* DIRECTIONS FOR THIS TASK
Give the data below again exactly as written, but without the pictures.
-- Opening Marker --
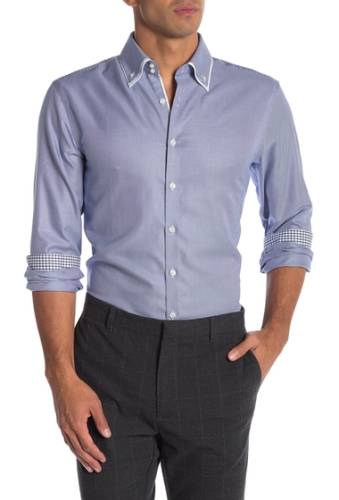 Imbracaminte barbati lindbergh double collar long sleeve regular fit shirt blue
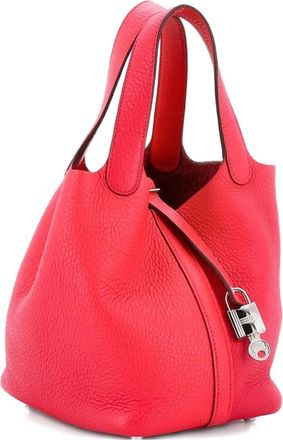 Herm&egrave;s Casaque Picotin Lock Bag Clemence PM bucket bag - Rosa
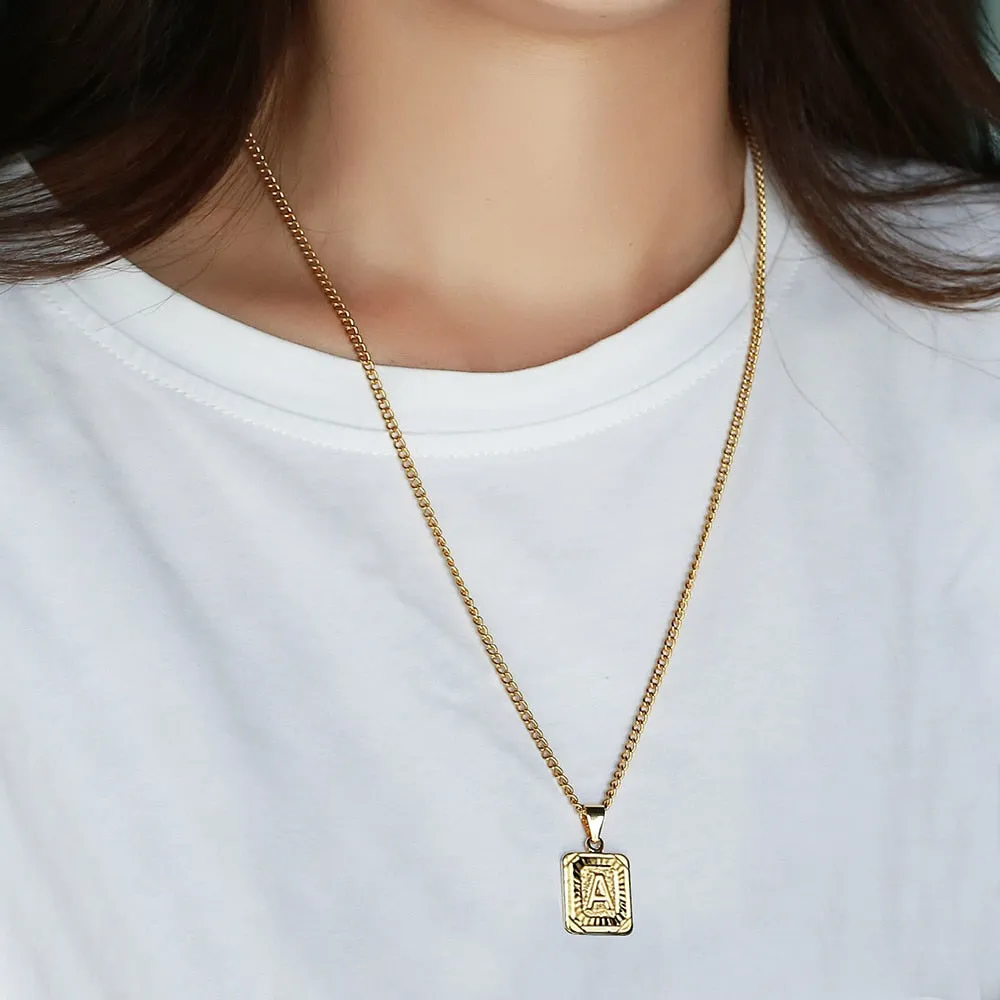 Modernix Initial Pendant Necklace Women Men Gold Plated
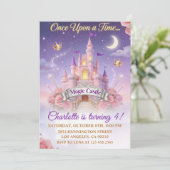 Once Upon Time Girl Princess Magic Castle Birthday Einladung (Stehend Vorderseite)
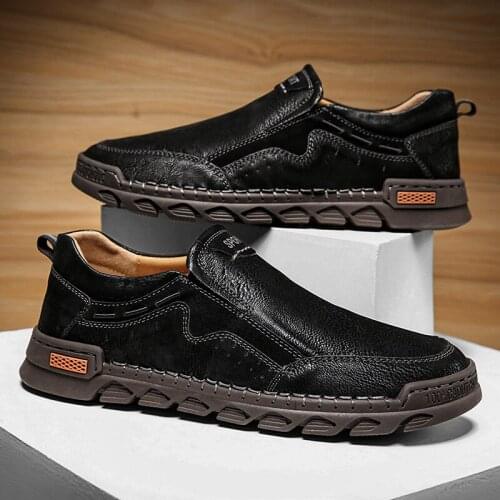 Men Comfort Suede Leather Loafers Casual Shoes Hand Stitching Business Work Office Dress Men Sneakers Walking Shoes Big Size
-- Closing Marker --
* EXPECTED OUTPUT
 Imbracaminte barbati lindbergh double collar long sleeve regular fit shirt blue
 Herm&egrave;s Casaque Picotin Lock Bag Clemence PM bucket bag - Rosa
 Modernix Initial Pendant Necklace Women Men Gold Plated
 Once Upon Time Girl Princess Magic Castle Birthday Einladung (Stehend Vorderseite)
 Men Comfort Suede Leather Loafers Casual Shoes Hand Stitching Business Work Office Dress Men Sneakers Walking Shoes Big Size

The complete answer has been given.